I witness examples of entitlement frequently, but don't bother to mention because that's the unfortunate "default" these days.
I interview kids for college: half of them are respectful, and then other half seem to believe they've already gotten in (and so wonder what I can provide them to get them to select my Ivy-League alma mater, rather than the other way around.) I see people cut in line because they "have to be somewhere" (or they provide no excuse at all.)
Yes, I notice entitlement on a daily basis. But this weekend, two events really angered me:
Saturday night, a group of teenagers revved up behind my car, nearly hitting it. They then backed off, and did it again a few more times to scare me. They flashed their lights over and over again. Of course I pulled over to let them pass. I was going well over the speed limit, so this wasn't a case of me driving too slowly under "normal" circumstances. Nope, these kids were definitely more important than me, and had to race off to wherever they were going. As such, I felt like a doormat as I sat on the side of the road waiting for an opening so I could merge back onto the road. (Huh, I wonder if I'll end up interviewing one of those kids? I'd never know, of course.)
I was delayed while the aggressive teens got to speed off to their destination. They got what they wanted at my expense. (If I had braked while they hovered at my bumper, I could have gotten into an accident. It could have been much worse.)
Sunday morning, my family had brunch at a restaurant where my parents and brother had once seen Sheryl Sandberg. They recalled her party had been extremely loud, but nobody bothered to ask them to quiet down, presumably because of who she is. (Why should that matter? Do we not expect decent behavior from everyone, regardless of their "status?")
Well, yesterday, a very large group of people (taking up three tables) abruptly left before their food had arrived. (One member of the party found a dead rat near her chair. This was in the outdoor seating area of an establishment in a wooded area, so the implication of a deceased rodent is quite different than if it were in an indoor urban joint.) As they left, one man yelled out to his mother that she was carrying his father's cane. Rather than approach her, he continued to yell. One person said something to the effect of you don't have to yell, and he responded, "I don't know these people! They don't know me!" Of course he then continued to bark instructions to his mother.
The implication: these people don't matter. I can disrupt their brunch by yelling because these people aren't going to benefit me. I don't need to impress them to get ahead.
Earlier in our brunch experience, this same man had bellowed across the restaurant, "We are ready to order!" to summons his waiter. I found the service at this place to be exceptionally quick (we actually had to turn away the waiter several times because we were still deciding on our food!), so it is unlikely that much time had passed at all between when this man was given his menu and when he determined he needed to be taken care of NOW.
It frustrates me that people like this man seem completely oblivious to whether their actions affect others. He didn't care that his loud voice might disrupt other diners. My experience was not any of his concern.
After his party left, there was some confusion with the meals, since all of a sudden many orders were no longer needed. As a result, my family's order didn't all come out at the same time. Thankfully, the restaurant fixed it rapidly, but they specifically cited the sudden departure of the large party as the reason for the mix-up.
My family's experience at brunch was affected by this man. He was free to behave as he pleased, at my family's expense.
Thankfully, being slightly delayed on the road or inconvenienced at brunch is pretty minor in the grand scheme of things, but the culture of "I don't care about you" is scary.
Of course I know this, because nobody helped me when I was choking during Disney on Ice. When I think back on that experience, I shudder with fear. I could have died, and nobody cared.
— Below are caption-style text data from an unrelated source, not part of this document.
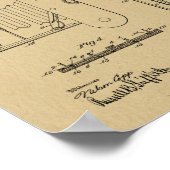 Impression de dessin d'art breveté de 1914 pour ca (Coin)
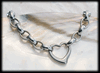 Hjärta armband - Fancy Heart Bracelet in stainless steel.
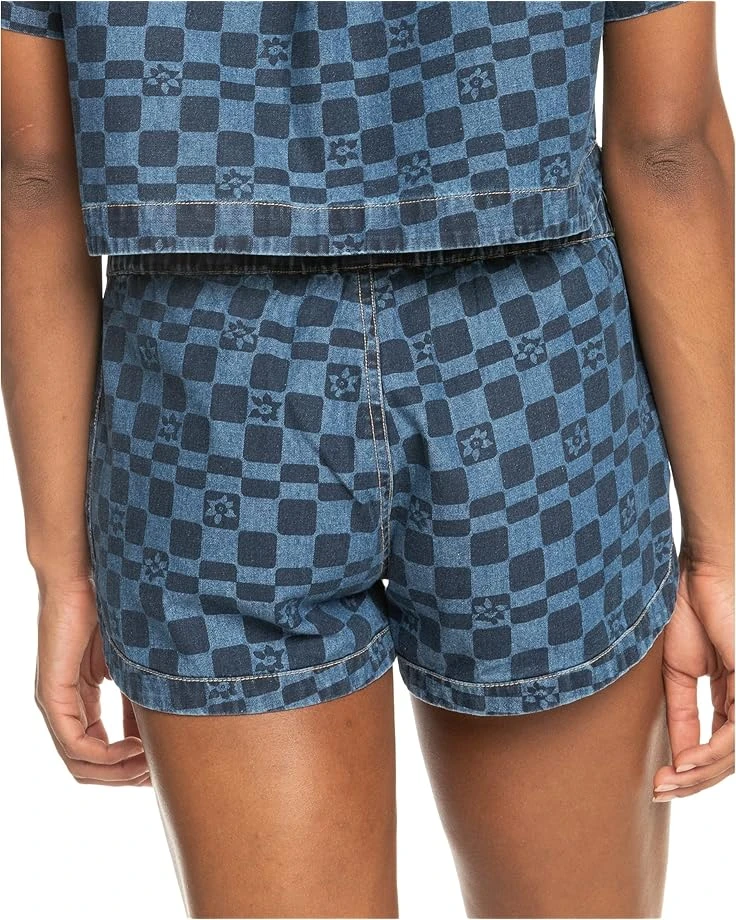 Roxy New Impossible Mid Waist Denim Shorts 4 Roxy New Impossible Mid Waist Denim Shorts - Image 2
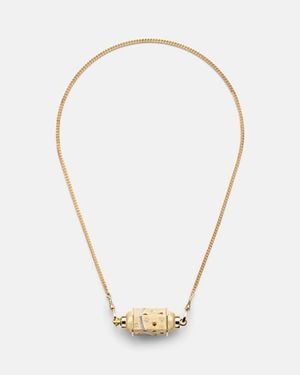 Marie Lichtenberg Milky Way 18Kt Locket Necklace With Diamonds And Rubies - Metallic
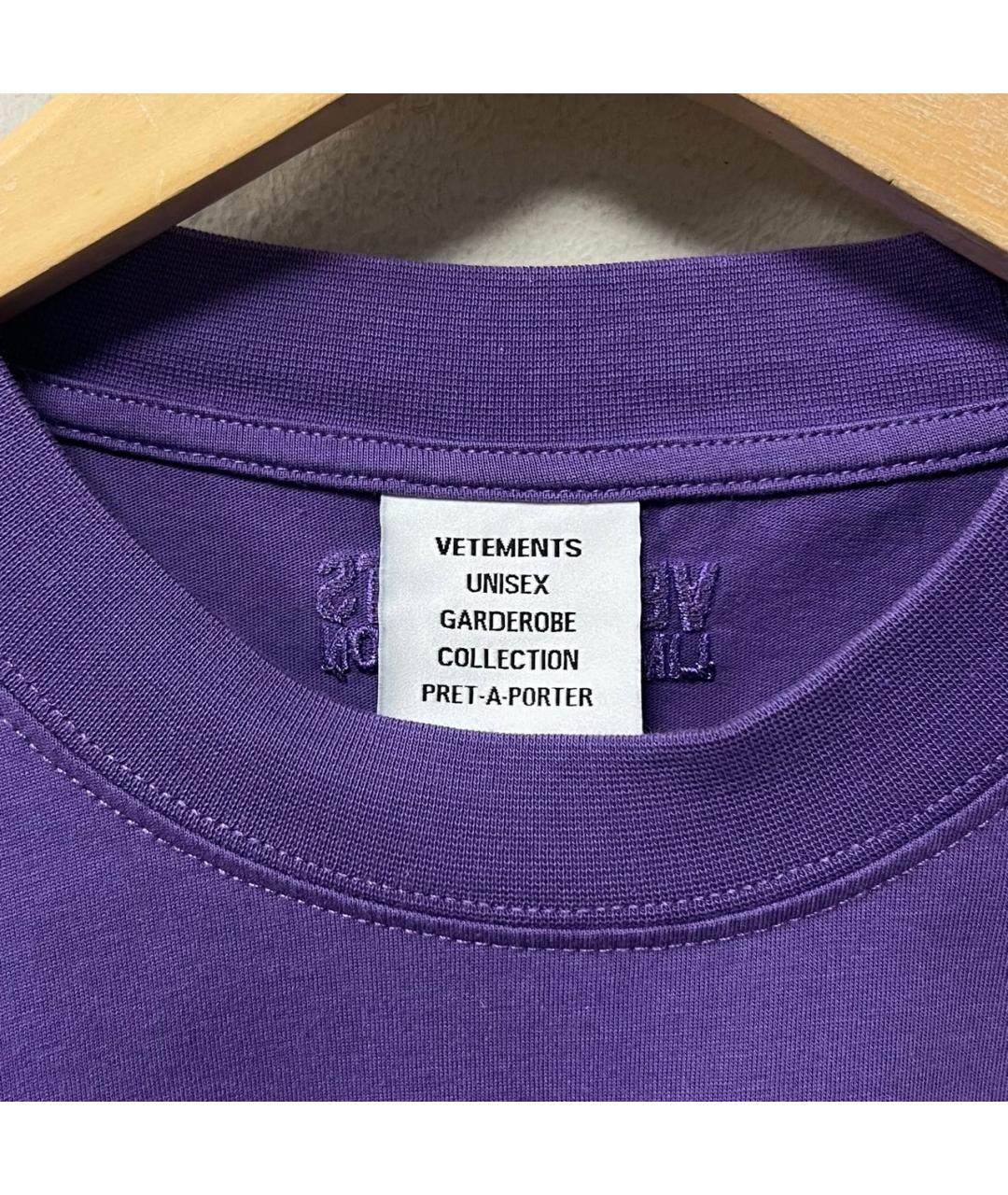 VETEMENTS Фиолетовая футболка, фото 4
I worry for if something happens in the future while I am unconscious and therefore unable to help myself.
In fact, I passed out in a public bathroom while pregnant with my first son. I don't know how many people walked by me, probably just assuming I was drunk, rather than asking me if I needed assistance. (When I finally came-to, I trudged to my office, vomited in my boss' trash can, and thankfully recruited a co-worker to accompany me to the ER, where I was deemed severely dehydrated.) In the same vein, I once called an ambulance for a man who appeared to have had a stroke. Passersby seeing me attend to the man rolled their eyes and told me he was probably just intoxicated. Both of these incidents were in New York City: are there just so many drunk/drugged people there that the assumption is substance-abuse-by-default rather than someone needing acute medical attention?
Nobody helped me. And, people mocked me for trying to help someone else.
Sure, I've heard some nice heart-warming stories of strangers coming to the aid of other strangers. I know there are some good people in the world. (In fact, I have an amazing friend who just offered to give my son a ride tonight. Such a "simple" thing can mean quite a lot!) I also know there are a lot of people who don't necessarily go out of their way to help, but at least they don't try to hurt.
And then there are those who blatantly plow over others for their own gain. Why should they be so entitled?
I hate that I am powerless. I cannot reprimand them as I would a toddler, since no doubt they would "win" any sort of escalation since they don't care about what happens to me.
I hate that people are rewarded for "me-first" behavior, since by default, they benefit from pushing people around to get their way. There are no obstacles if you don't care who you hurt in the process. It is truly sickening.